Owners will likely notice that their adult Great Danes become quite mellow in temperament. They are often content to nap the day away and have even been described as lazy, but it’s important to ensure that your tall pet receives at least 30-60 minutes of appropriate exercise each day. Despite their size, Great Danes are not made for high-impact exercise like intense long-distance running or challenging hikes. Their height actually makes it hazardous to their health to push them to perform high-impact exercises – their bones and joints can be easily injured.
The taller your Great Dane, the more mindful you need to be of how you exercise them. Whenever possible, seek out soft surfaces for walking or gentle jogging, such as trails or dog parks. Dog parks also offer the added benefit of socialization, which is crucial for Great Danes because they can become skittish and shy if not regularly socialized with other humans and animals. Some dog parks may also have lakes, in which you can encourage your Great Dane to swim. Swimming is an excellent exercise option for Great Danes because it is zero impact and builds strength.

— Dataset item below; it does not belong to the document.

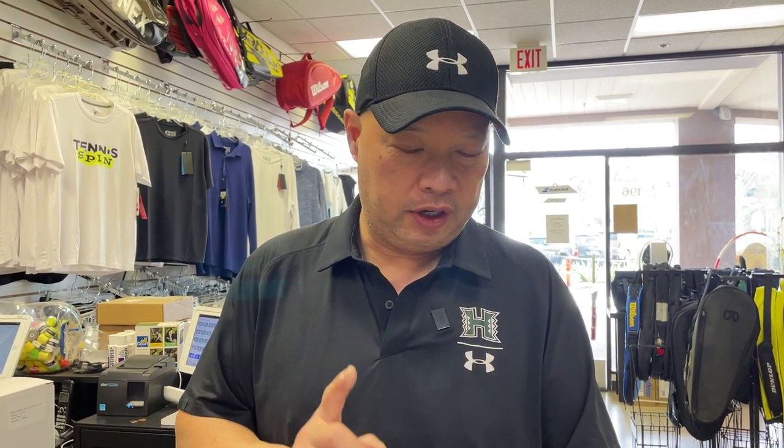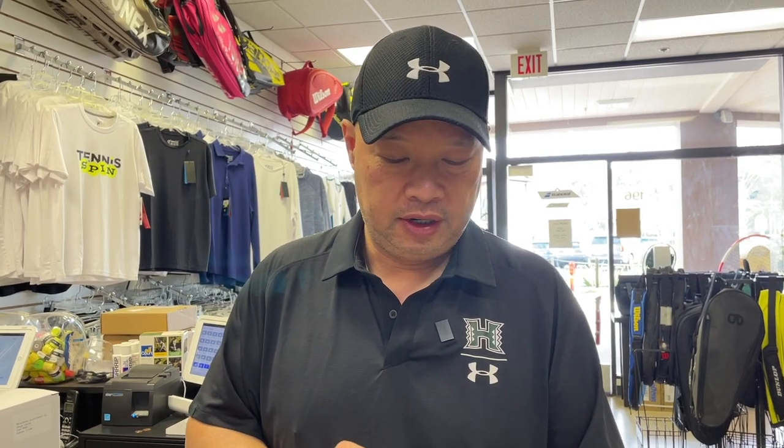My buddy Stefan writes that they are a tennis string company located in San Diego, California. They've been in business for nine years, and after the release of Black Knight and Ghostwire in 2018, they've had an explosive uptick in interest in those tennis strings.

Another exercise component to bear in mind with such a tall animal is strength training. Practicing “sit,” climbing and descending stairs, and even safely training your dog to rise up onto its hind legs by teaching “stand” on command are all ways to build your Great Dane’s strength and contribute to its overall longevity. Not to mention, the latter makes an excellent party trick!
In conclusion, Great Danes make wonderful pets, but do require their owners to be vigilant about providing the appropriate care during their prolonged growth phase. One of the many reasons that owners love this breed is because of its size and indeed there are two types of Great Danes available to lovers of this breed.
American Great Danes are slightly slimmer than European Great Danes, which tend to have just a slightly blockier overall look. Their jowls and lips tend to be looser, which produces more drool, although it should be noted that this is a drooly breed at baseline. European Great Danes typically weigh more than their American counterparts, but are not necessarily much taller, meaning that their lifespan may fall on the shorter end of the spectrum.